Было не время привлекать внимание властей, и мы повенчались только в октябре 1944 года во время отпуска, так как, «неизлечимый милитарист», я снова поступил в армию. Как говорится в сказках (хотя не совсем так), они зажили припеваючи и детей у них не было. Прибавлю еще, что трудно было быть более разными, чем мы с ней, и что в этом, может быть, заключается секрет нашего «сердечного согласия» по сей день. Я заканчиваю здесь эту главу моей жизни, начатую почти пятьдесят лет тому назад, которая все еще длится.

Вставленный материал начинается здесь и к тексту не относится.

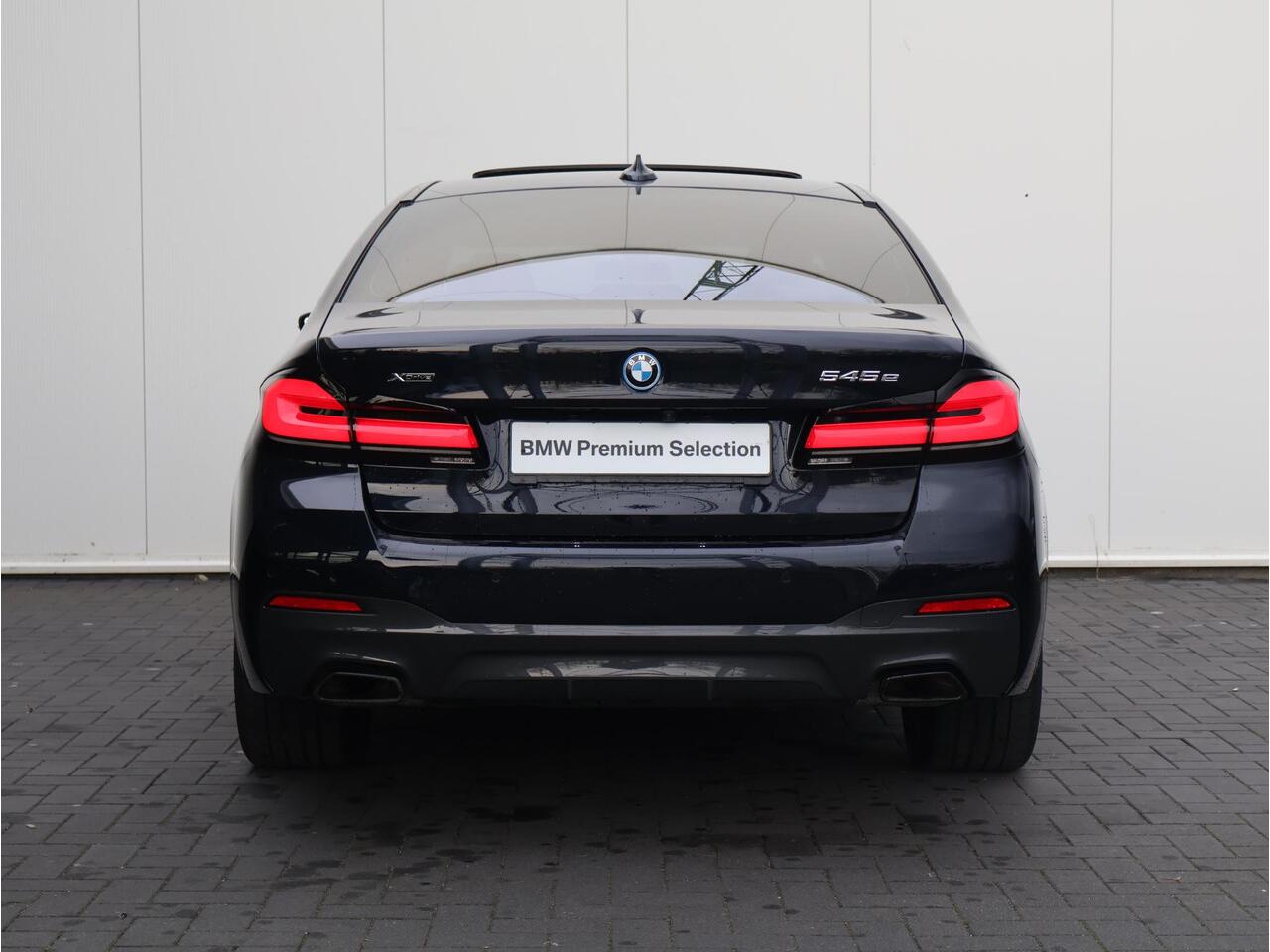 BMW 5-SERIE 545e xDrive Business Edition Plus M Sportpakket/ Stuurwielrand verwarmd/ Achteruitrijcamera/ Active Cruise Control/ Head-Up/ HiFi/ Panoramadak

Коллеж Птижана, где я теперь упражнял свои таланты, не имел красочности робэновского. Все мои бывшие коллеги — Нора, Ришар, Бетлен, мадемуазель Рубинштейн — исчезли куда-то один за другим, как и сам Робэн, выманив у родителей плату за три месяца вперед. Время было неустойчивое, и люди исчезали, не вызывая удивления у окружающих.
После ареста отца в июне 1941 года моя сестра поехала в Круаси за мамой и, не без риска, привезла ее к нам в Сен-Рафаэль. (Сестре с мужем удалось после этого уехать в Америку через Португалию одним из последних пароходов, которые еще ходили.) Мы прожили в пансионе «Мирты» несколько месяцев, а в конце 1941 года поселились в маленькой квартирке. Подсчитав хорошенько, я пришел к заключению, что благодаря моей учительской репутации в Сен-Рафаэле будет выгоднее и спокойнее оставить коллеж Птижана и жить частными уроками. Так я и сделал.
Как я сказал раньше, большинство моих тапиров были «ослами». Однажды, готовя одного из них по программе Мат Элем, т. е. на вторую часть Бака, я не вытерпел и сказал ему, что я не могу понять, каким образом он ухитрился выдержать экзамен на первую часть. «Да очень просто», — ответил он чистосердечно, — «я учился в Ренне (Rennes — крупный город в Бретани), когда подошли немцы и нас всех после письменного экзамена перевели наскоро в Тулузу. Там, после заявления под присягой, что я выдержал письменный, меня освободили от устного». К счастью, не все были такими. Моим лучшим учеником был Альфред Гроссер (Alfred Grosser), который стал впоследствии крупным социологом и германистом. Ему теперь за шестьдесят, и он часто выступает в диспутах на телевидении. Никто не верит, что я когда-то обучал его латыни.